The result: durable, machine-washable products made from reused plastic bags that Nampushi said often end up being ingested in Kenya by cows and wild animals, such as zebras and gazelles, that graze on the tundra. The bags get twisted inside the animals’ digestive tracts and cause death, he said.
Nampushi, who 10 years ago fought and was injured in Kenya by a lion in a test of bravery, identified this problem when he cut open the gut of a cow he owned that had died. He decided then he could do something to alleviate the danger if he could collect the plastic bags that get blown around from cities and dumps and transform them into something else.
He got a college degree, the first of the Maasai to do so, then went on to graduate school at South Carolina’s Clemson University. He is now working toward a Ph.D. in parks management there, The Herald-Times reported (http://bit.ly/Yv7Cvx ).

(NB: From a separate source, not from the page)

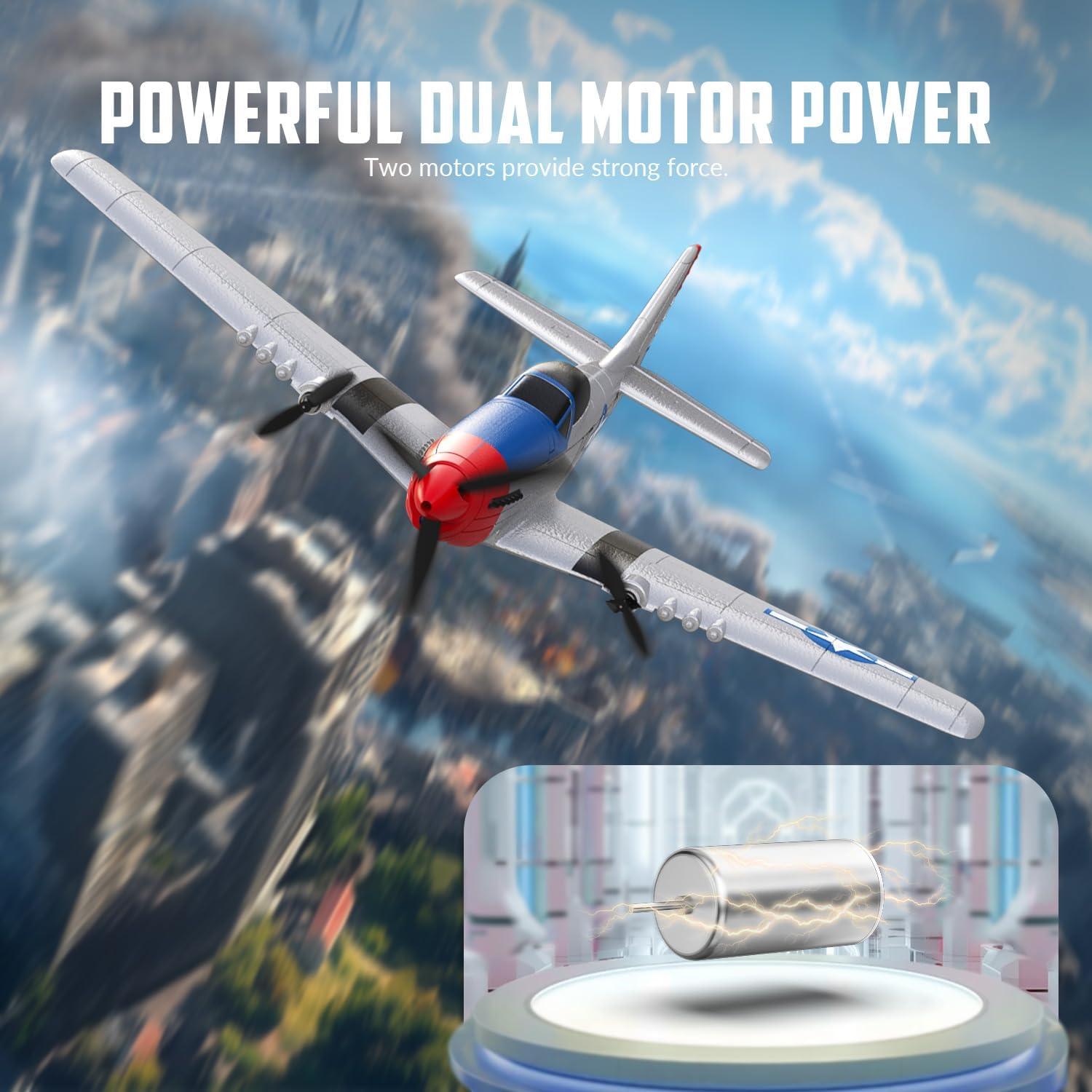 Avión RC VOLANTEXRC P-51D Mustang 3 Canales 6 Ejes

Last year, Nampushi completed a class project outlining his plan to collect discarded plastic bags and then train native people to weave them into items to sell to tourists. The project keeps animals from eating the bags and also keeps the plastic out of landfills. It also provides a skill that can be used to manufacture something useful, and employs native people so they can improve their lives.
There was a problem, though: Nampushi knew nothing of weaving. He had never seen a loom.

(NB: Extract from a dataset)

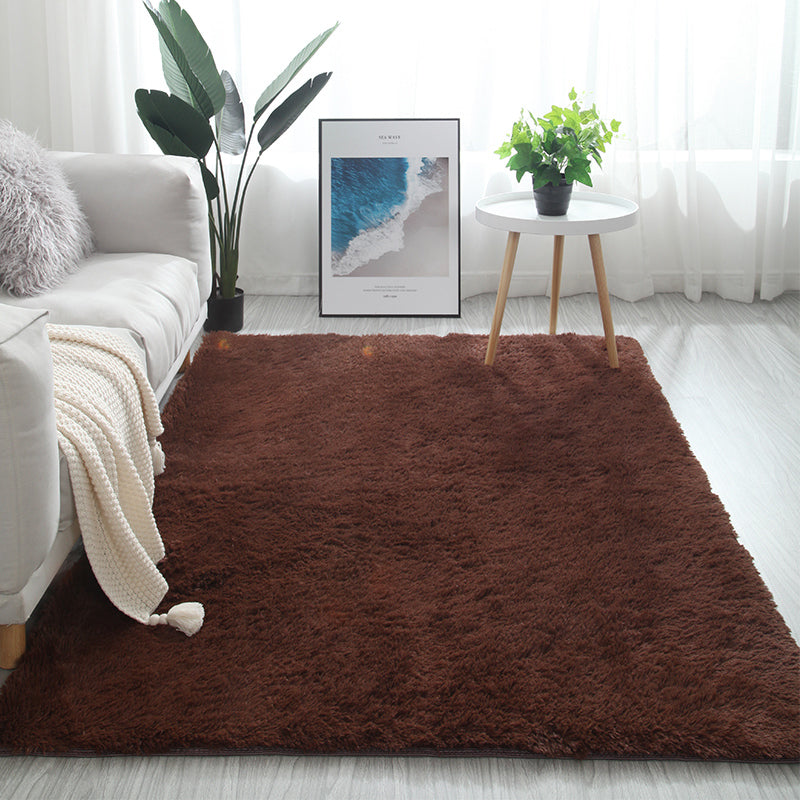 Soft Shag Rug Carpet Mat (Chocolate, 160 x 120)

An online search using the words “plastic,” “bags” and “weaving” led him to Gustin, of Homestead Weaving in southern Brown County, who years ago noticed the bags caught in trees along rural roads just as Nampushi had seen in his own country.
“I wondered what I could do to make a statement, to turn something as unsightly as a `bag in a tree’ into something usable,” her website explains. “After some experimentation, I came up with a technique to attach bags together so that they could be woven into outdoor rugs.”

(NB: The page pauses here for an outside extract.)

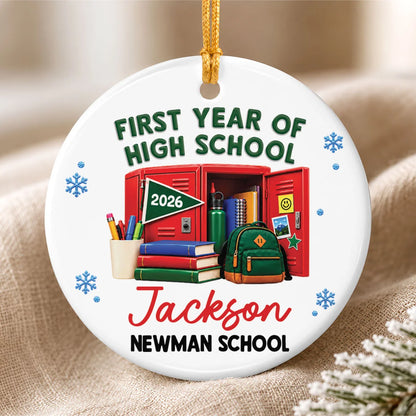 First Year of High School Personalized Ceramic Ornament - Custom Freshman Back to School Gift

Nampushi called earlier this year seeking advice and guidance. Gustin’s suggestion: that he travel to her studio and learn how it’s done, how to create a 27-by-39-inch rug from a wad of HDPE(hash)2 blue Walmart bags salvaged from the local recycling center.
He arrived on a Monday, and had woven his first plastic-bag rug by the end of the day. He was well into a second one the next afternoon, and was experimenting with weaving strips of cotton T-shirts into rugs as well.
But he had to stop so he could catch a plane back to South Carolina.
“This is my first experience to see and touch a loom,” Nampushi said, his hands using a wooden shuttle to weave the long strands of plastic through strong polyester warp and his feet working the treadles. He was slow, but exact, in his work.
“This is amazing, and as I learn this new skill I am fascinated seeing it all set up like this,” he said, praising the loom and its abilities.
“When this finds its way to Kenya, it will not only save wildlife from plastic but it will transform communities, improving the quality of life so that people can buy food, send their kids to school,” he said. “The goal is to get people making a long-lasting product.”
There is plenty of fodder for his dream: The U.S. Environmental Protection Agency estimates that more than 500 billion such bags, maybe as many as a trillion, are distributed to shoppers around the world every year.